WHAT TO DO: Would you give the listing again exactly, without its images?

SUPPLIED MATERIAL:
- - - - -

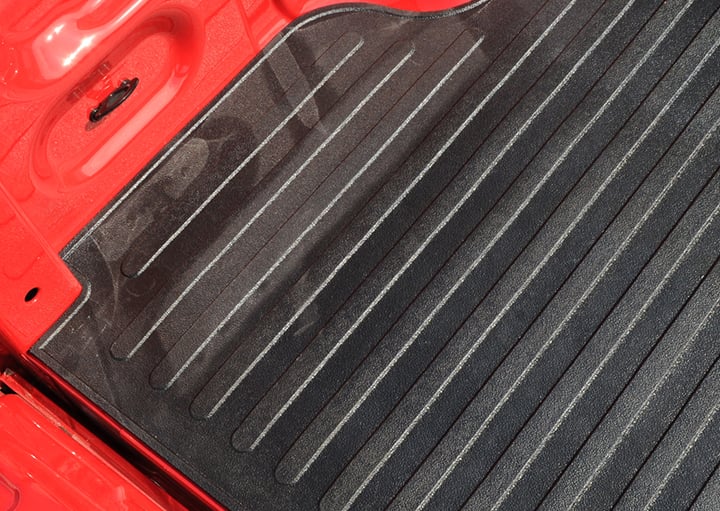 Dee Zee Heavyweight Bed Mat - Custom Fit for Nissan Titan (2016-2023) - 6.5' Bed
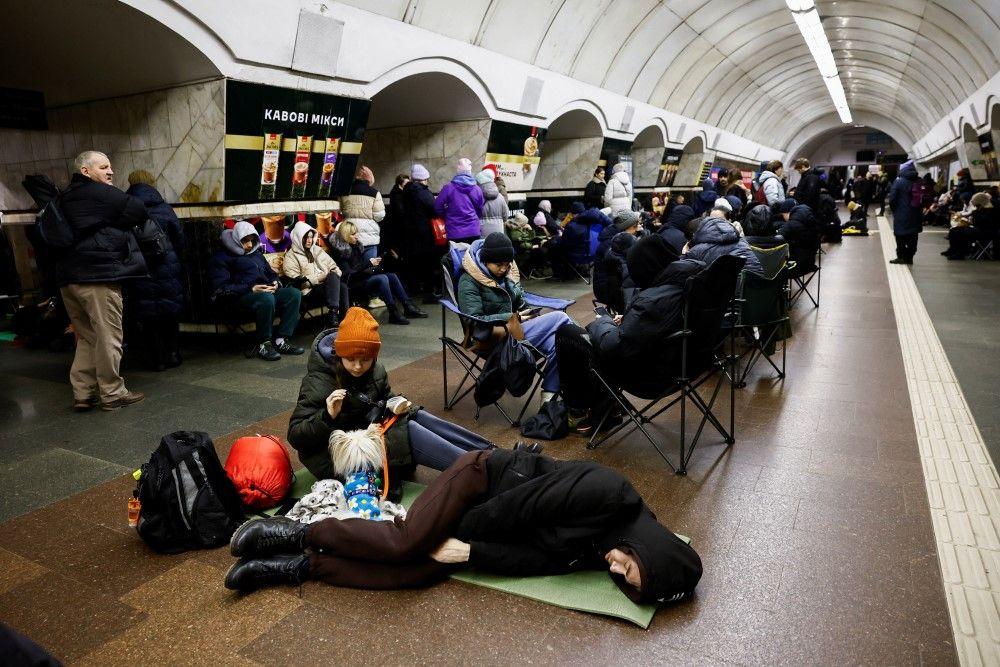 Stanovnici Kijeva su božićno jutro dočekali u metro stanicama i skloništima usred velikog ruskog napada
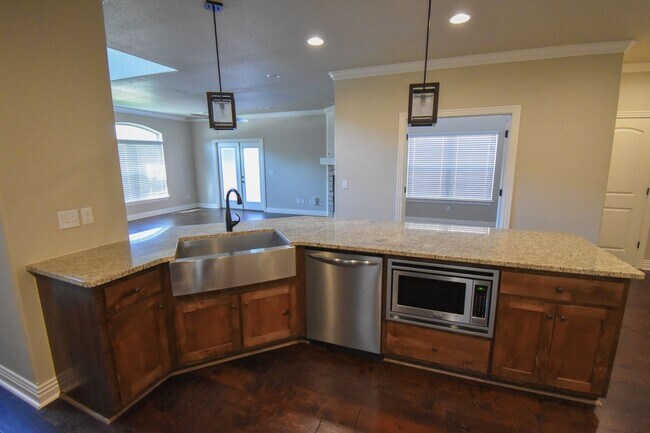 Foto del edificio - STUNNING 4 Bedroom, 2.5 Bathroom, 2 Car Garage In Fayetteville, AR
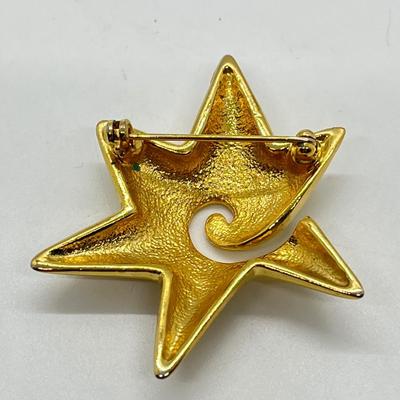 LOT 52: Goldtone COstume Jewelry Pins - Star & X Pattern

- - - - -

RESPONSE BELOW:
 Dee Zee Heavyweight Bed Mat - Custom Fit for Nissan Titan (2016-2023) - 6.5' Bed
 Stanovnici Kijeva su božićno jutro dočekali u metro stanicama i skloništima usred velikog ruskog napada
 Foto del edificio - STUNNING 4 Bedroom, 2.5 Bathroom, 2 Car Garage In Fayetteville, AR
 LOT 52: Goldtone COstume Jewelry Pins - Star & X Pattern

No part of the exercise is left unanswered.